[asascl1992]

The question is to draw a detailed mechanism for the following reaction. I drew out the mechanism I came up with (excuse the bad arrows...it was my first time using chem draw!)

My first question is if the mechanism itself is correct? The part i'm unsure of the 3rd step: will the stereo chemistry of the methyl group switch once the elimination reaction occurs or after the double bond is broken in the last step assuming my mechanism is correct. And for reference, in the 3rd step, couldn't elimination result in the same sterochemistry as the reactant?

[Dan]

The part i'm unsure of the 3rd step: will the stereo chemistry of the methyl group switch once the elimination reaction occurs or after the double bond is broken in the last step assuming my mechanism is correct.

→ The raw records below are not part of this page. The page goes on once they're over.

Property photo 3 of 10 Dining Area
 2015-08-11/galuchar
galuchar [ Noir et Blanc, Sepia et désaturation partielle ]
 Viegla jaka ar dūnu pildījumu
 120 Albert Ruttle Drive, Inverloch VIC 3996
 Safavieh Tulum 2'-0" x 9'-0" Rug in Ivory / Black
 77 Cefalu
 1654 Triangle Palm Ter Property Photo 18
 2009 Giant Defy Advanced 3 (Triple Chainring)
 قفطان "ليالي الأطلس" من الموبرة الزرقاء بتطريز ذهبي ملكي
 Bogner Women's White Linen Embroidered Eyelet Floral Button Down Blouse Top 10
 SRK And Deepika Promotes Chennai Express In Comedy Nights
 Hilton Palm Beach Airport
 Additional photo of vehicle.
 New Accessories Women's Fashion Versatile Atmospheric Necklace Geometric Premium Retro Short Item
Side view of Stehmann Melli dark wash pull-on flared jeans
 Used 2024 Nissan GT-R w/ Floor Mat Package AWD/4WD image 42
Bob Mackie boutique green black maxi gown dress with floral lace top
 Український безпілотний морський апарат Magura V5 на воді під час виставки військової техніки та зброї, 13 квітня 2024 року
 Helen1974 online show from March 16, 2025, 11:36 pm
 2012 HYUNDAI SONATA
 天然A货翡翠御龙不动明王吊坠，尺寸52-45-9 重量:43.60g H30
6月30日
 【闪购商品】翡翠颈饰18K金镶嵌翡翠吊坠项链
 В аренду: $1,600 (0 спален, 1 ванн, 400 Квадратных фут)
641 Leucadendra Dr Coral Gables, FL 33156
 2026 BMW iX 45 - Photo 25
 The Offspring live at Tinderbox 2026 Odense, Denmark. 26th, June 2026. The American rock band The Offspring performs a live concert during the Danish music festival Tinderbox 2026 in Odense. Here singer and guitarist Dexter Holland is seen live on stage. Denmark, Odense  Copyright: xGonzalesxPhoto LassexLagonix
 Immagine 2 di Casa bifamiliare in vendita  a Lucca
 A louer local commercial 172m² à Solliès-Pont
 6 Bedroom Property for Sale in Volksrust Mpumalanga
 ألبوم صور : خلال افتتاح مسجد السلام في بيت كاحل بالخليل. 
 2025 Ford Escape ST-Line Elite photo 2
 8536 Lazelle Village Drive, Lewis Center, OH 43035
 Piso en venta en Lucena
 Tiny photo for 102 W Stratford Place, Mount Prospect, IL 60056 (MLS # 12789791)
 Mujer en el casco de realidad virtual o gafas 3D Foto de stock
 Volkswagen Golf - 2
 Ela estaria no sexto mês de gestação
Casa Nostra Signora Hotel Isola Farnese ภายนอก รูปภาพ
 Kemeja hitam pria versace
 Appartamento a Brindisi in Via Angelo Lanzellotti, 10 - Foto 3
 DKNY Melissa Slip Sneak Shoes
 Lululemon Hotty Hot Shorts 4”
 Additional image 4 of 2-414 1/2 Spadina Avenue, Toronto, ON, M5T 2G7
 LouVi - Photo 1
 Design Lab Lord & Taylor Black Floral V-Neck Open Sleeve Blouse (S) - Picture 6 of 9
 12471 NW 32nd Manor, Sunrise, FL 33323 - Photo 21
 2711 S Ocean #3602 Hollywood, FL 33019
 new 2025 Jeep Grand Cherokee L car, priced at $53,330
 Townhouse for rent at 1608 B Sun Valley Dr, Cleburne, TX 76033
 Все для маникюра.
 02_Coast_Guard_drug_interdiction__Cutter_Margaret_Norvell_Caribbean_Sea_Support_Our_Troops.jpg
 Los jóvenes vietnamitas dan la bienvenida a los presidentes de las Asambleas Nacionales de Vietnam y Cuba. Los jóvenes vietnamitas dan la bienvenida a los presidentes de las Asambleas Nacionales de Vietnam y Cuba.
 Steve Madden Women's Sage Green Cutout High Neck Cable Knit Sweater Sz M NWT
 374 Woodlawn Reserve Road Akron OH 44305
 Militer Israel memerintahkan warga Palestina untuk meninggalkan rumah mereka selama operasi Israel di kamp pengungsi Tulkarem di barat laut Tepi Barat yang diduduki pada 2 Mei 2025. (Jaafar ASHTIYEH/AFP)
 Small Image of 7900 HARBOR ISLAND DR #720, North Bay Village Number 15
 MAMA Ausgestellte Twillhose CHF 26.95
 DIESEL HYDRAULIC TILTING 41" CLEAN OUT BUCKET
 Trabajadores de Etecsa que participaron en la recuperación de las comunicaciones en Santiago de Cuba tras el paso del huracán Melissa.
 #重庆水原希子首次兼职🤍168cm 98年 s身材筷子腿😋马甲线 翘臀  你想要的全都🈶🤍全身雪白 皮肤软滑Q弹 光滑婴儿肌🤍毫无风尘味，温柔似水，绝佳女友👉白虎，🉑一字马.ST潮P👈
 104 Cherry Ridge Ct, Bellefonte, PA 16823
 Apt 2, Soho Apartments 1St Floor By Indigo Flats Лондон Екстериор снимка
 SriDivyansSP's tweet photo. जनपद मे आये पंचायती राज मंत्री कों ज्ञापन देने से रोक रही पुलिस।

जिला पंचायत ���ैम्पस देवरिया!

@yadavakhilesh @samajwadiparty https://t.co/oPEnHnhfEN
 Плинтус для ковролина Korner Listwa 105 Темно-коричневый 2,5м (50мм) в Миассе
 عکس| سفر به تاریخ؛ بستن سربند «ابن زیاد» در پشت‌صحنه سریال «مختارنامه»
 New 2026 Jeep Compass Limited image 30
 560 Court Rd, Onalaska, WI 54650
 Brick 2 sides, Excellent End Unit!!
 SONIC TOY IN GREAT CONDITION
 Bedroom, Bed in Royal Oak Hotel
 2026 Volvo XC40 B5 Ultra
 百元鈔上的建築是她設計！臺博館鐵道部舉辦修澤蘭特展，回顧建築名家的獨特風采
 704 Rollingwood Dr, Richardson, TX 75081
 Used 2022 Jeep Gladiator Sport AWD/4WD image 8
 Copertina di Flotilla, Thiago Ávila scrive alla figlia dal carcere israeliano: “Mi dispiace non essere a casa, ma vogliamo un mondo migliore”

In the enol intermediate that methyl froup has no stereochemistry - the sp² centre is planar. It is only on tautomerisation back to the ketone (last step) where that centre becomes asymmetric again.

And for reference, in the 3rd step, couldn't elimination result in the same sterochemistry as the reactant?

The enol intermediate can and will protonate on either face of the double bond - but all the steps here are reversible, a dynamic equilibrium, which means the most thermodynamically stable product will form. The product with both methyl groups on the same side of the ring is the most thermodynamically stable as in this isomer both methyl groups occupy equatorial positions of a chair conformation - or at least pseudoequatorial given that the sp² centre of the ketone will distort the chair to some extent. For more info on this read about 1,3-diaxial strain in cyclohexanes.